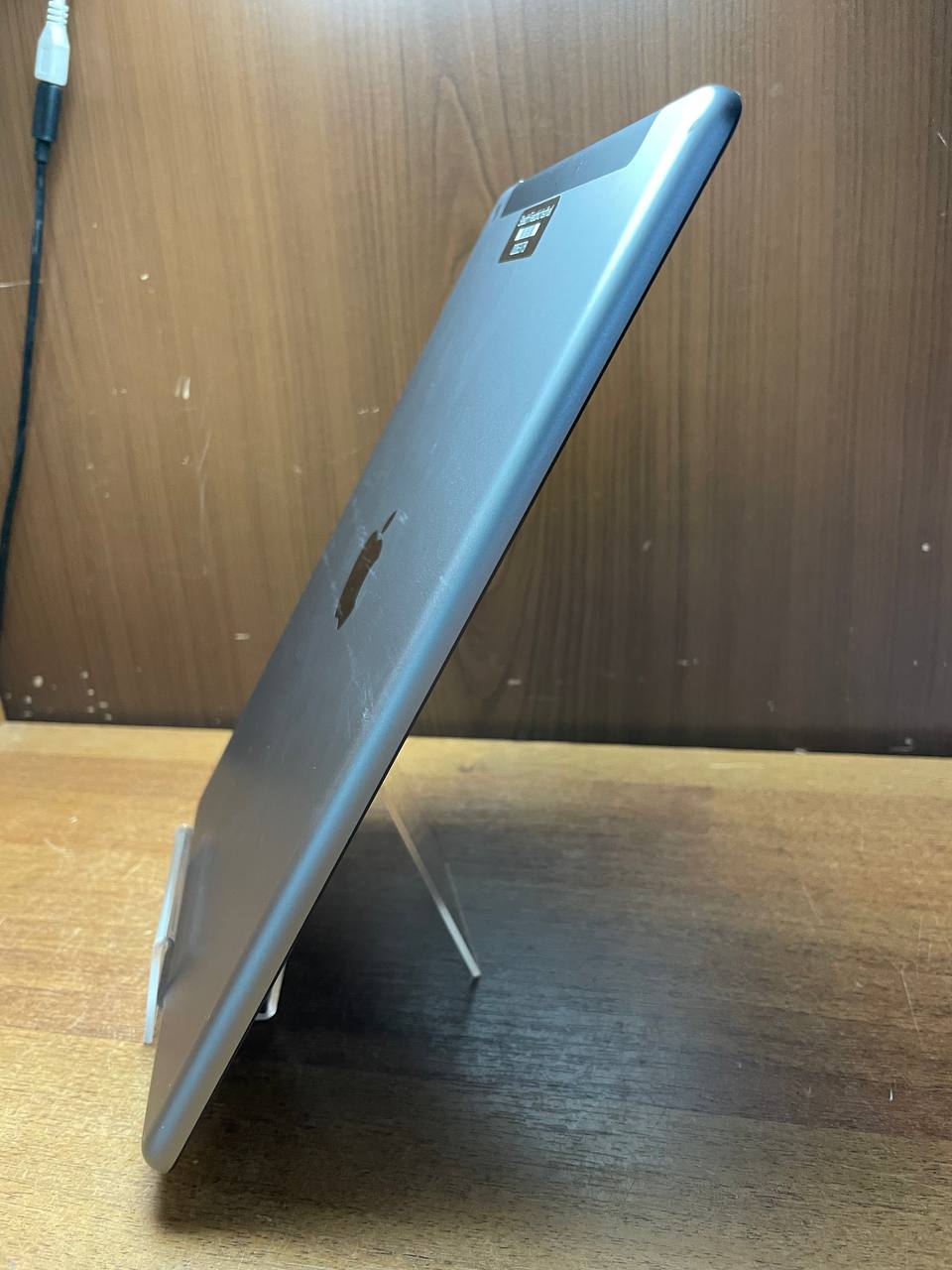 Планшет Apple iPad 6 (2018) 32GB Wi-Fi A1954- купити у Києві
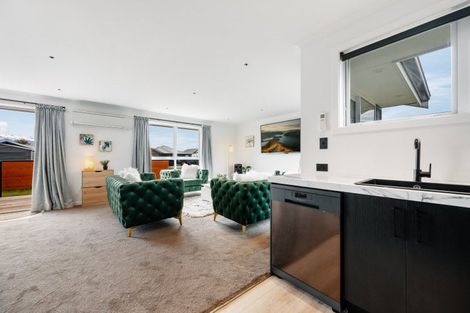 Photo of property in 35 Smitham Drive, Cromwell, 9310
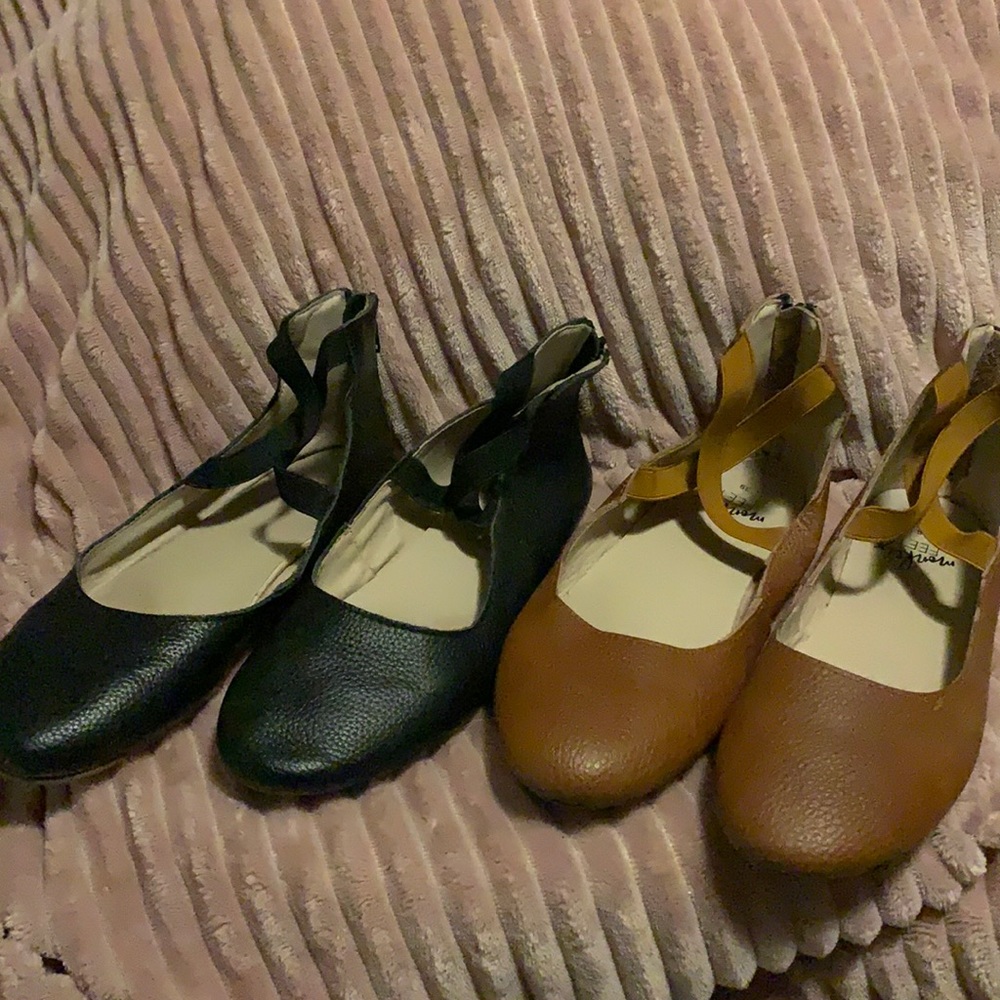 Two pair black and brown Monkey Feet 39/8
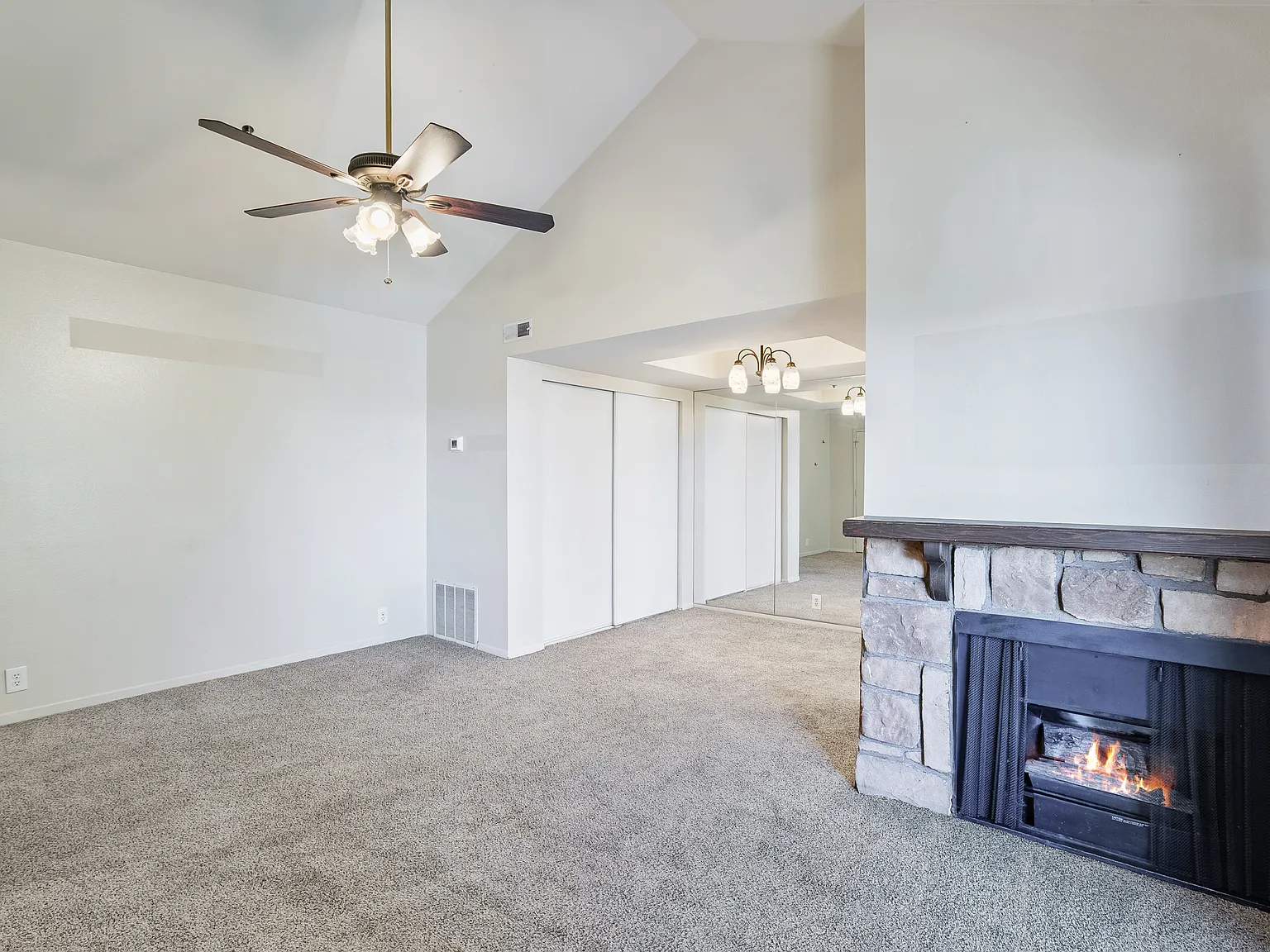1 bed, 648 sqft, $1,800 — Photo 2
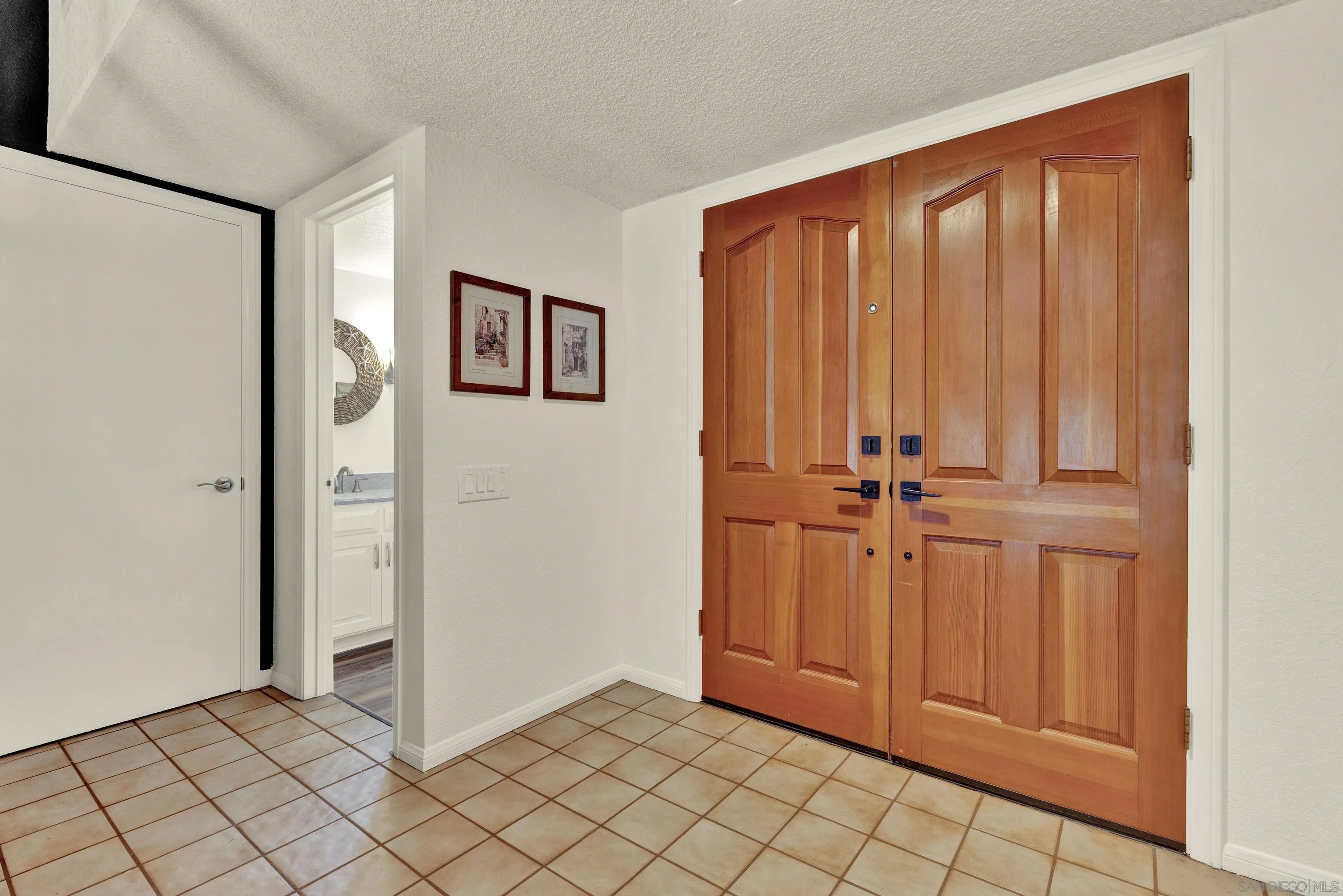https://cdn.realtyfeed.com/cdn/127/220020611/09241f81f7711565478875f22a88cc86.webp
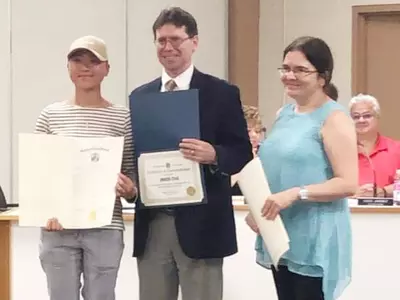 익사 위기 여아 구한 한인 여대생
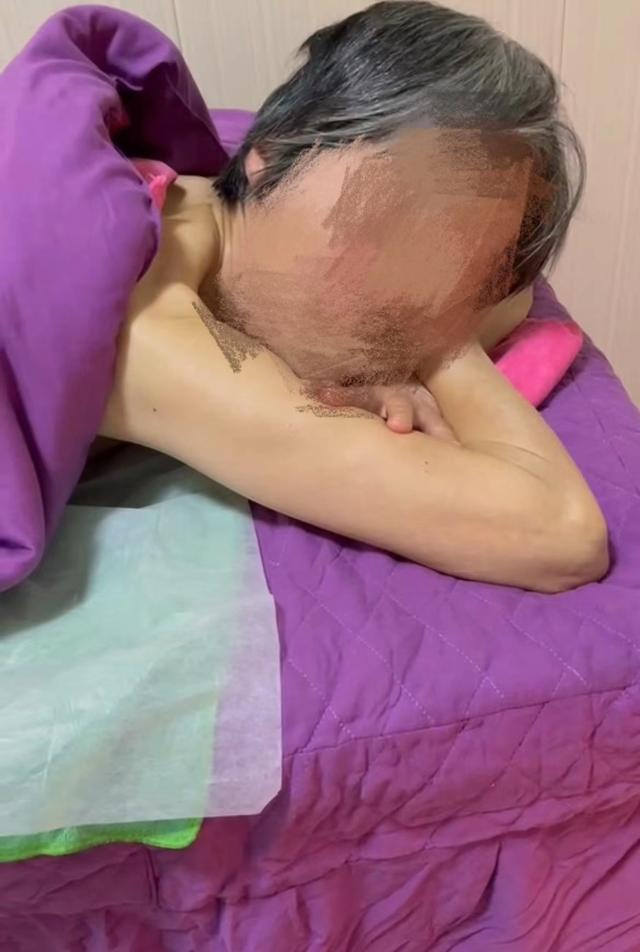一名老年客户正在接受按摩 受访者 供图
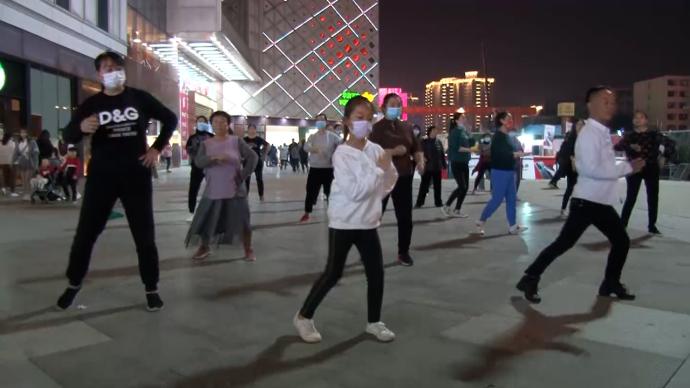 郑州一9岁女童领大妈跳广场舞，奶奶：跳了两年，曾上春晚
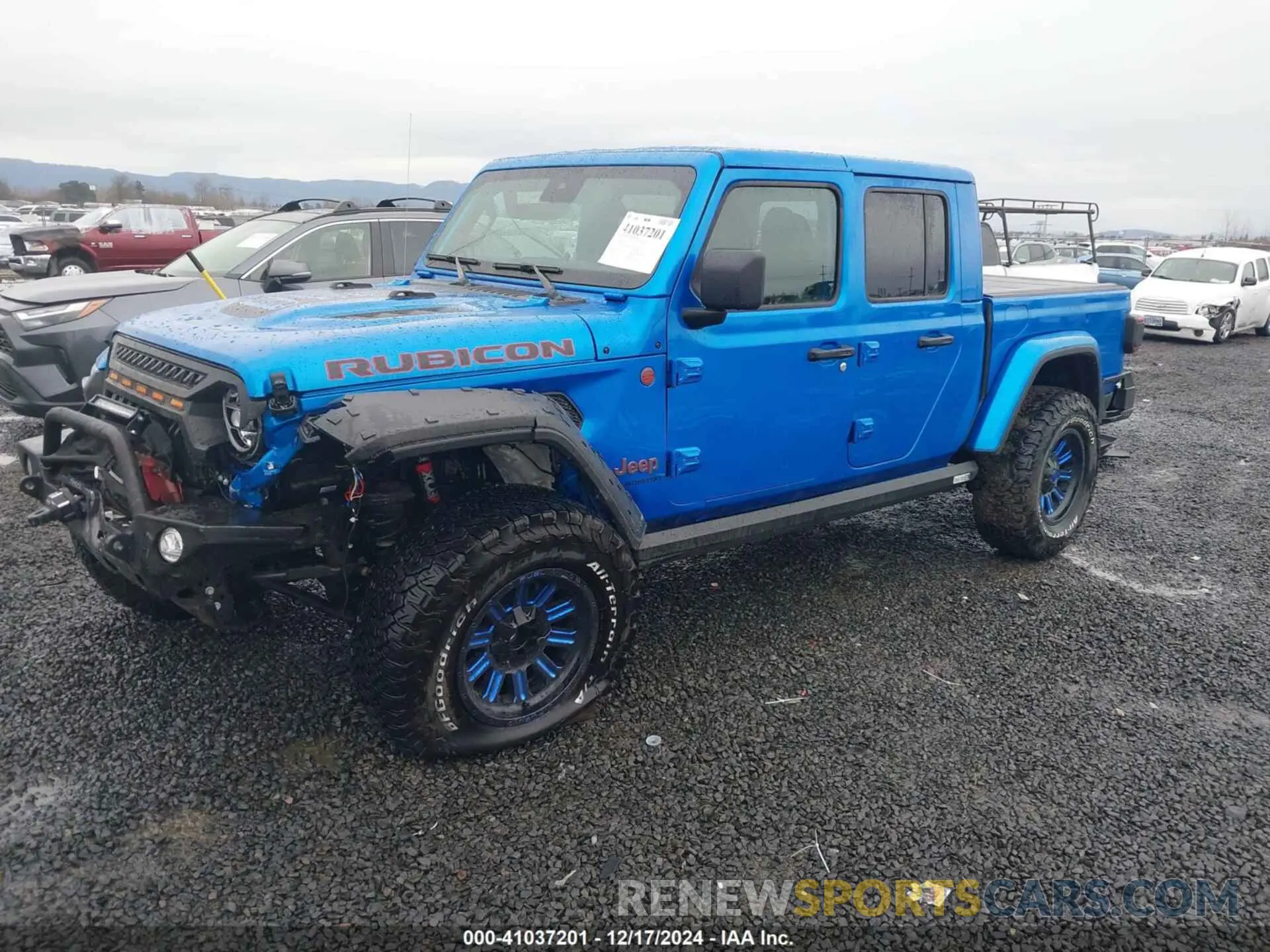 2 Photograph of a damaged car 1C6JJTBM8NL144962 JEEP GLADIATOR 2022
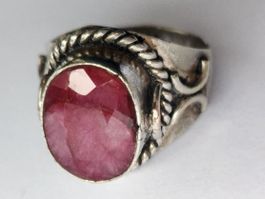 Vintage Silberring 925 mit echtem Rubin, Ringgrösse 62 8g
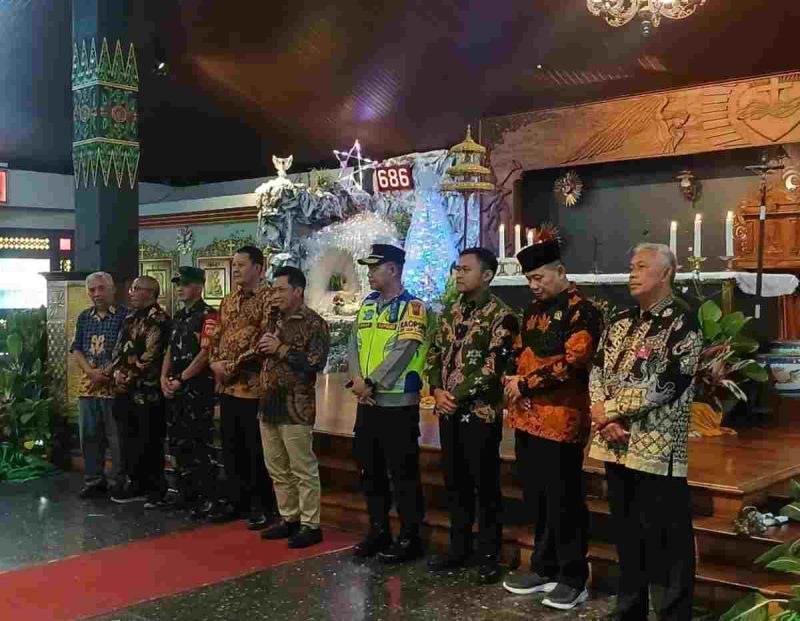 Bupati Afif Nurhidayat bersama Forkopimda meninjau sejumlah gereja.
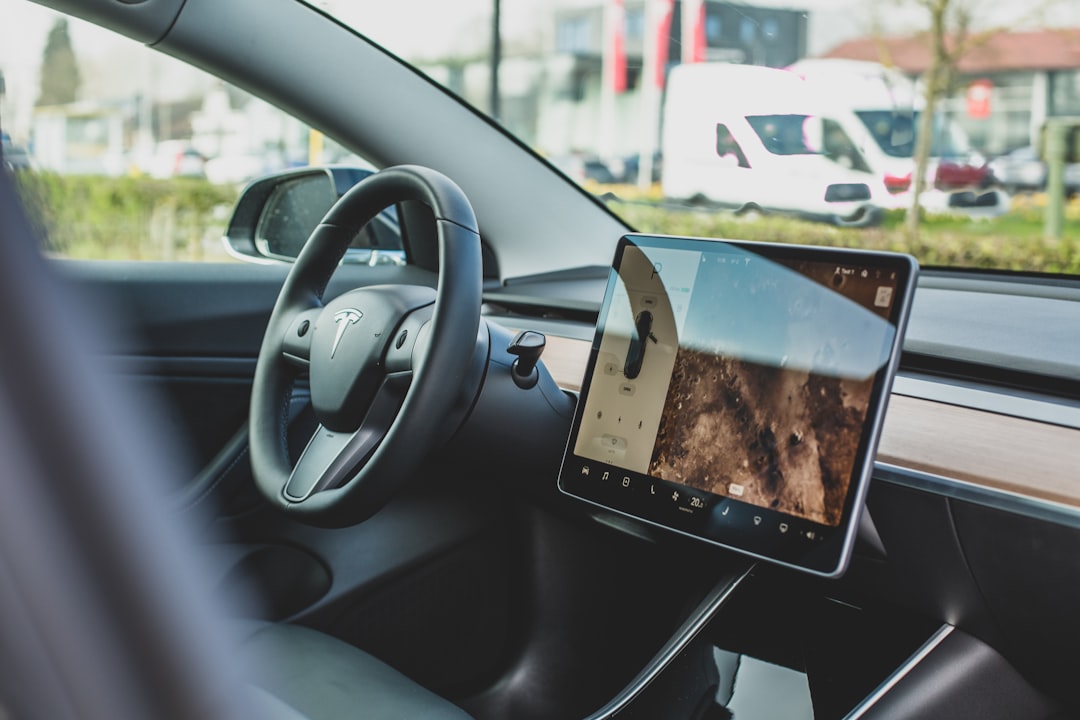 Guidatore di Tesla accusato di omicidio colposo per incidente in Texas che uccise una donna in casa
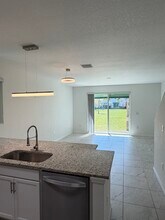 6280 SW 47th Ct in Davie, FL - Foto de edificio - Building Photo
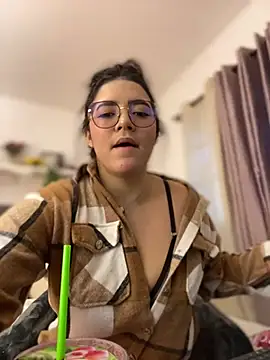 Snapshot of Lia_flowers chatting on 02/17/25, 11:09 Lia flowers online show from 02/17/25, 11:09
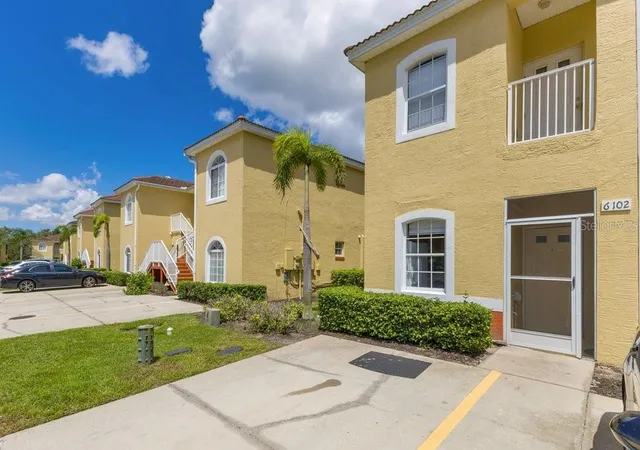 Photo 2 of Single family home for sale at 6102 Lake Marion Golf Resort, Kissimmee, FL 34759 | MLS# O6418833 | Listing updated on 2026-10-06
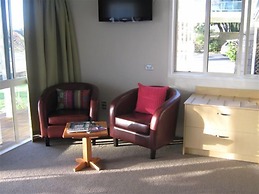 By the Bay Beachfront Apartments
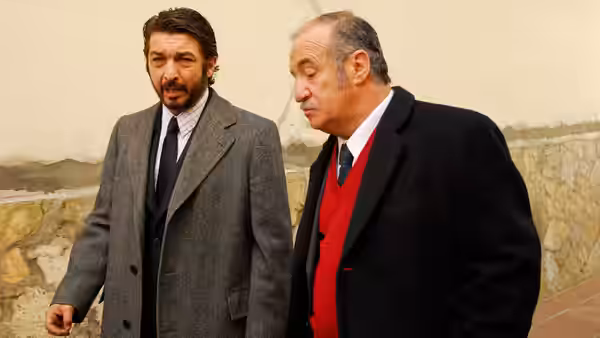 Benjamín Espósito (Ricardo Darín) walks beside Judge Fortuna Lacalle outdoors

» YOUR GOAL: What lines above run from the one with "Photo of property" to the one with "6280 SW 47th"? Give them again exactly, ends included, and leave the pictures out.

» RESPONSE FOR THIS EXERCISE:
 Photo of property in 35 Smitham Drive, Cromwell, 9310
 Two pair black and brown Monkey Feet 39/8
1 bed, 648 sqft, $1,800 — Photo 2
https://cdn.realtyfeed.com/cdn/127/220020611/09241f81f7711565478875f22a88cc86.webp
 익사 위기 여아 구한 한인 여대생
一名老年客户正在接受按摩 受访者 供图
 郑州一9岁女童领大妈跳广场舞，奶奶：跳了两年，曾上春晚
 2 Photograph of a damaged car 1C6JJTBM8NL144962 JEEP GLADIATOR 2022
 Vintage Silberring 925 mit echtem Rubin, Ringgrösse 62 8g
 Bupati Afif Nurhidayat bersama Forkopimda meninjau sejumlah gereja.
 Guidatore di Tesla accusato di omicidio colposo per incidente in Texas che uccise una donna in casa
 6280 SW 47th Ct in Davie, FL - Foto de edificio - Building Photo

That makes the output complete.